Saturday, May 26, 2012

Puerto Ayora, Santa Cruz Island

Santa Cruz Island is the island most fly-in tourists (from Quito, Ecuador) use as their home base, and its port, Puerto Ayora, presents the prettiest face in the Galápagos. Puerto Ayora has the most modern infrastructure, a bustling waterfront complete with hotels, a well designed and lit tourist dock where water taxis pick up and deposit their fares, and many galleries featuring local art/crafts alongside the souvenir shops. Some restaurants feature foods not typical to the islands in which artful presentation is a factor in their preparation. (Eating out at most restaurants in the Galápagos is like showing up at someone's house at meal time and being given a plate of home-cooked food.)

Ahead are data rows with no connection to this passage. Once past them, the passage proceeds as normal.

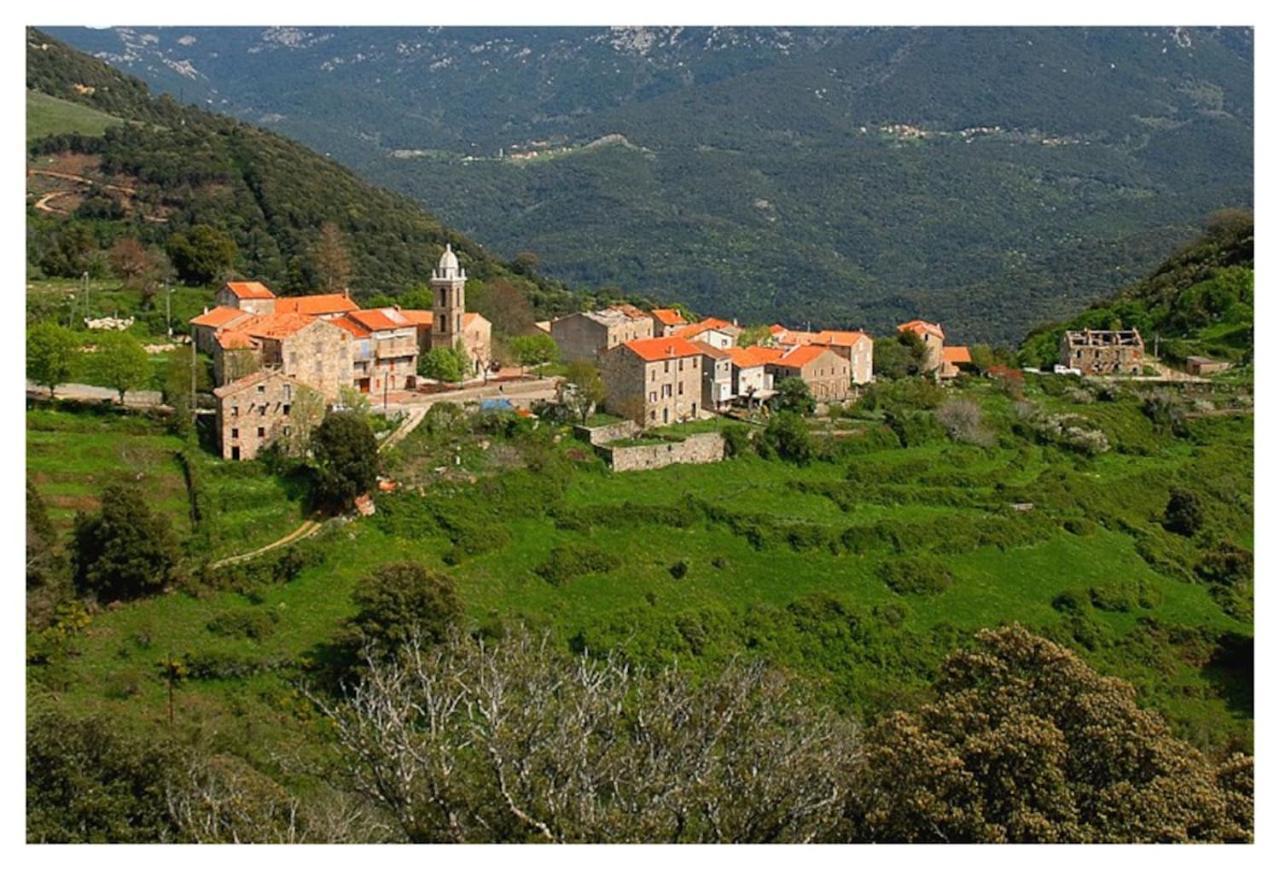 Casadimela Villa Porto-Vecchio  Luaran gambar
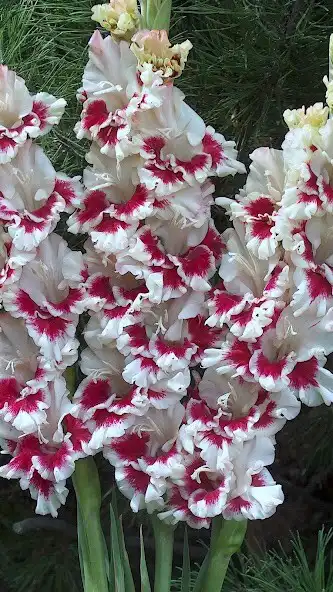 Play Gladiolus Wallpapers  and enjoy Gladiolus Wallpapers with UptoPlay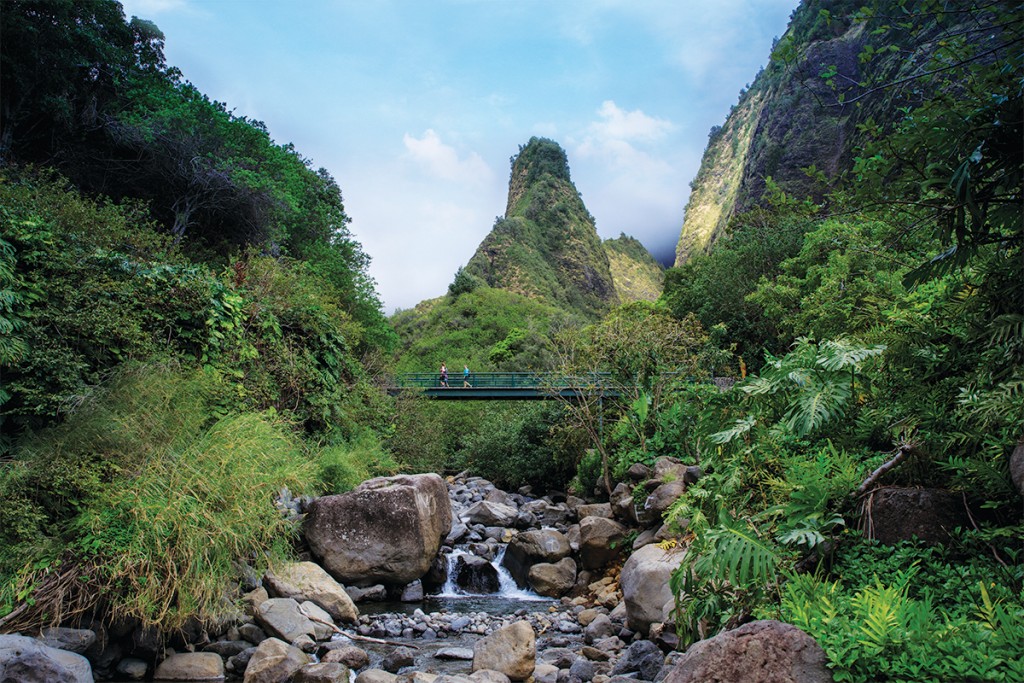 Ih Maui Iao Valley 5
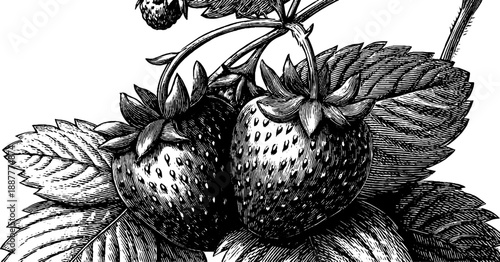 Vintage botanical engraving of strawberry plant with fruit - 19th century style design for art and decor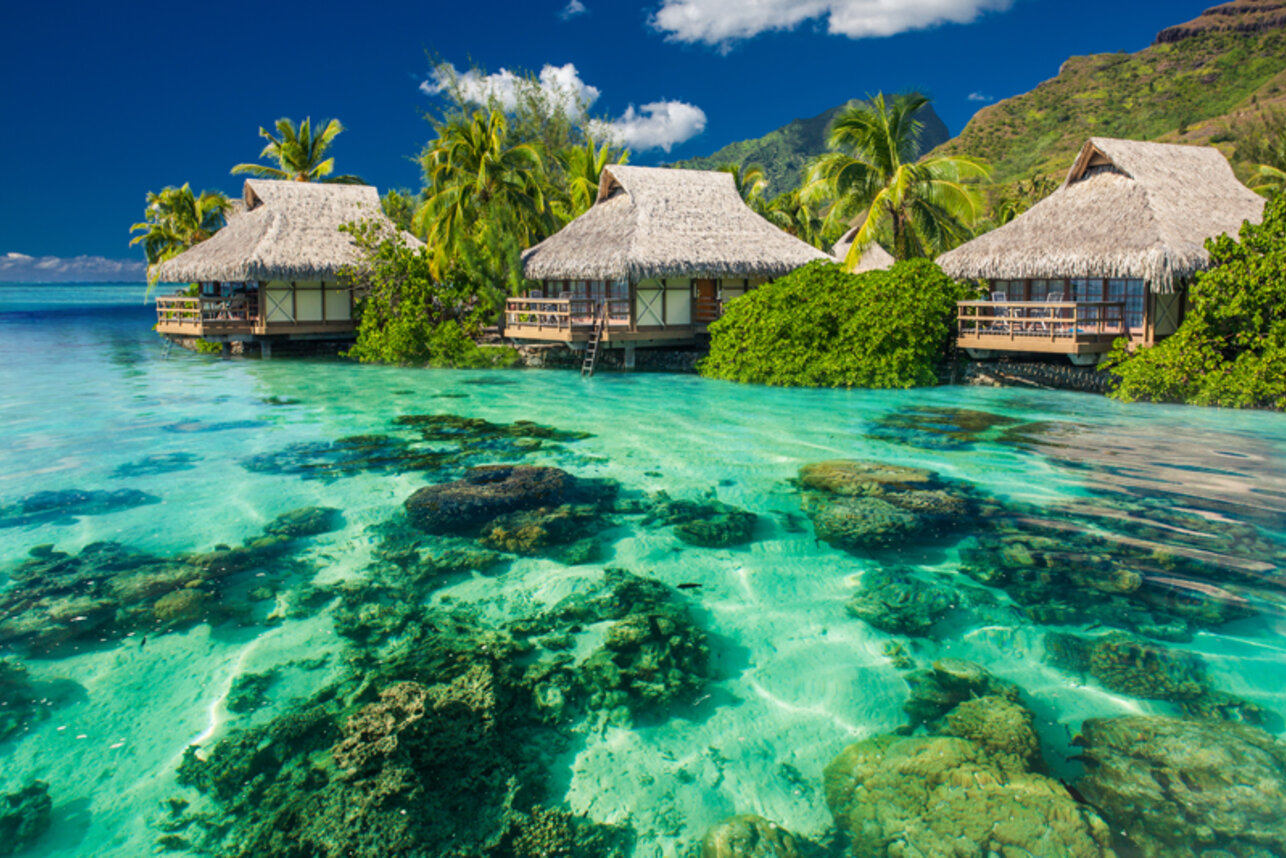 Фото 44 — Путешествие по острову Таити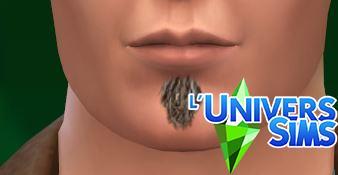 Plus d’informations sur «&nbsp;Barbes "Soul Patch"&nbsp;»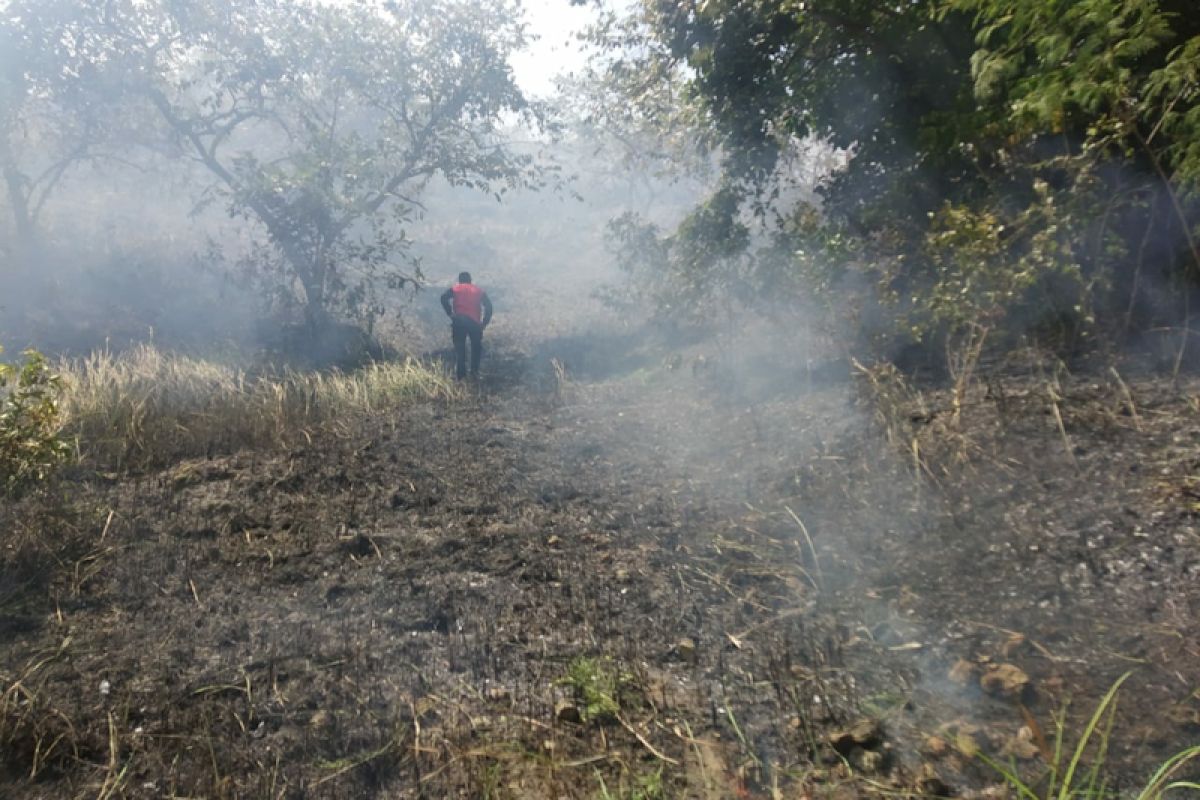 1,5 hektare lahan ilalang terbakar di Lhokseumawe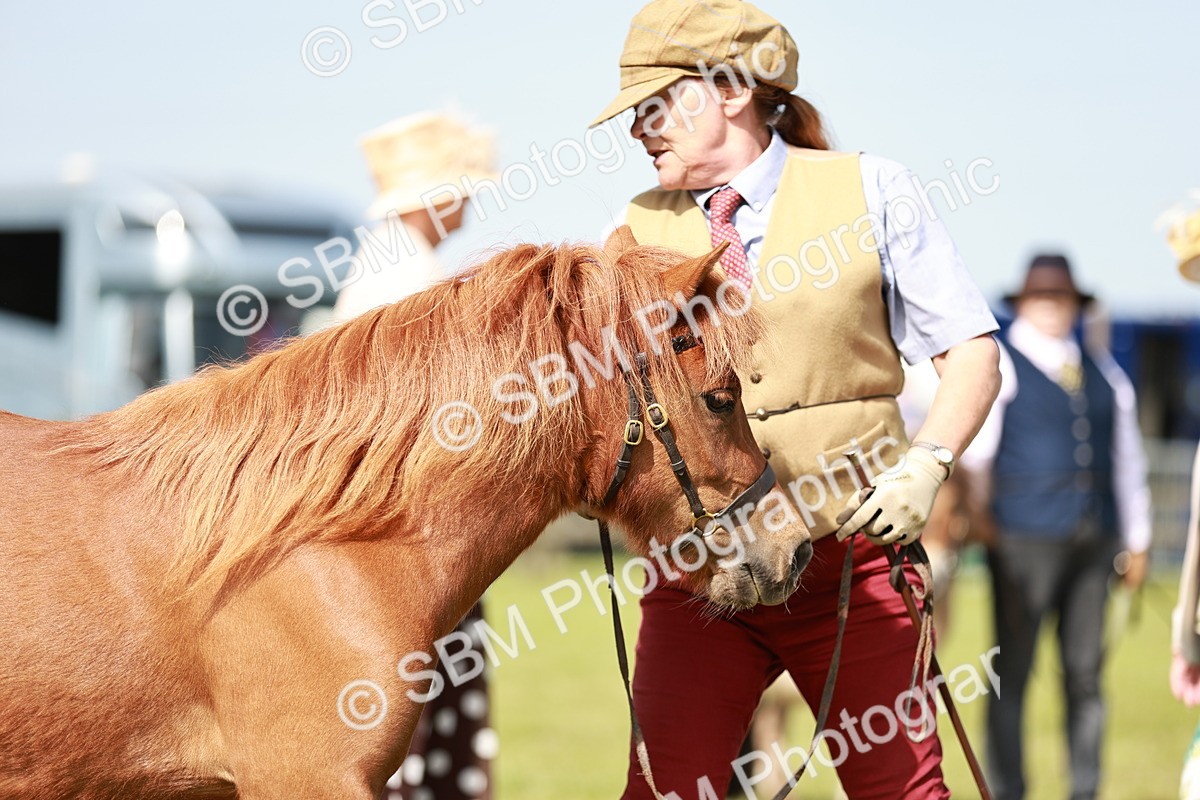 SBM_01754 - Class 14-23 - Mountain & Moorland In Hand Non Welsh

Anchorage at Puerto Ayora:  view from town

The fish market in downtown Puerto Ayora has an interesting customer
Puerto Ayora also has a night life that is not wholly designed around tourists. On Saturday night, you can find much of the citizenry out enjoying themselves in the open air. Couples and families are out walking in the streets or dining in restaurants. A favorite gathering place for youth is the cement sports field along the waterfront (used for organized sports like volleyball at other times) which is transformed into a skate park on Saturday nights. Older youth congregate in small groups around the fringes of the skate park or can be found draped over the kiosk on the water taxi dock, absorbed in their laptops.

While the port is cheerful and colorful, the anchorage in Academy Bay is crowded and rolly. The anchorage is open to the southerly swell. There are some lava reefs extending out into the harbor (though not nearly as many as on Isabela), and you can't anchor too close to shore for that reason. One advantage to the rolly anchorage is that you won't lose your sea legs while in port! We were lucky enough to arrive at a less crowded time and were able to find a decent spot to anchor; however, more boats arriving after our initial days in Santa Cruz left me wondering where we would anchor if we were just arriving. We had read that many people use a stern anchor in Academy Bay, and we found this to be good advice. We put out a stern anchor which helped significantly with the rolling. Be prepared to clean your bottom after leaving Academy Bay, because a healthy layer of slime (algae) will grow along the waterline (at least at this time of year).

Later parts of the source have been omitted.